Pittsburgh came out much stronger in the second period, and the ice seemed to tilt in the Penguins' direction early in the period thanks in large part to the effort of forward Evgeni Malkin.
Malkin got the Penguins on the board at 3:23 with a spectacular individual effort. He skated past Rangers defenseman Dan Girardi and through defenseman Marc Staal before putting a shot on Henrik Lundqvist, who made the save. But Malkin outfought everyone for the rebound, made a full-circle spin and whipped the puck over Lundqvist to make it 2-1.
The Penguins played the next few minutes as if they were inspired by Malkin's effort, controlling play until Rangers forward Derick Brassard scored his second goal of the game at 7:58. New York's second power-play goal, a blast from the right point by defenseman Ryan McDonagh 50 seconds later, buried Pittsburgh in its first three-goal deficit of the series.
Pittsburgh had opportunities to get back into the game but failed to capitalize. Brassard and Girardi went off 37 seconds apart late in the second period, giving the Penguins 1:23 worth of a 5-on-3 power play. But they failed to register a shot with the two-man advantage.
"I think that's something that you can't allow to happen," center Sidney Crosby said. "I don't think there's much good to take from it. So, I think we have to be sure we come with the right mindset going to New York.
"Whatever mindset we had tonight, it wasn't enough."
Entering Game 5, Bylsma said "three wins get us nothing." The Penguins still have three wins, with one less chance to earn a fourth.

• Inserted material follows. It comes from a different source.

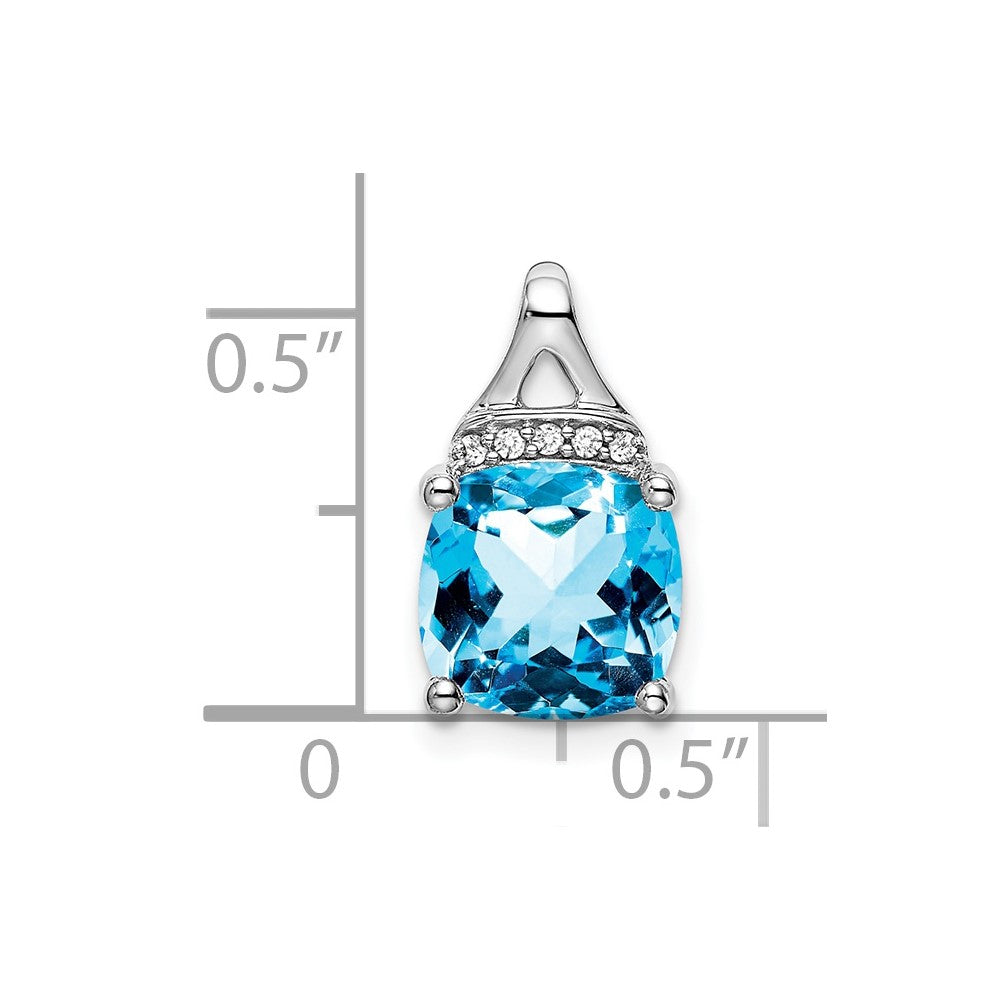 14k White Gold Cushion Blue Topaz and Diamond Pendant (1.2 grams)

"I think you have to turn the page and you have to turn the page real quick," Bylsma said. "We're getting on a plane tomorrow, we have to go to the Garden for Game 6 and it's a tough place to play and a top building and a team that played desperate right now, played desperate in Game 5 and came up with a big victory.
"Now we're forced to go back there, and we have to play with that same desperation and we have to do it back there."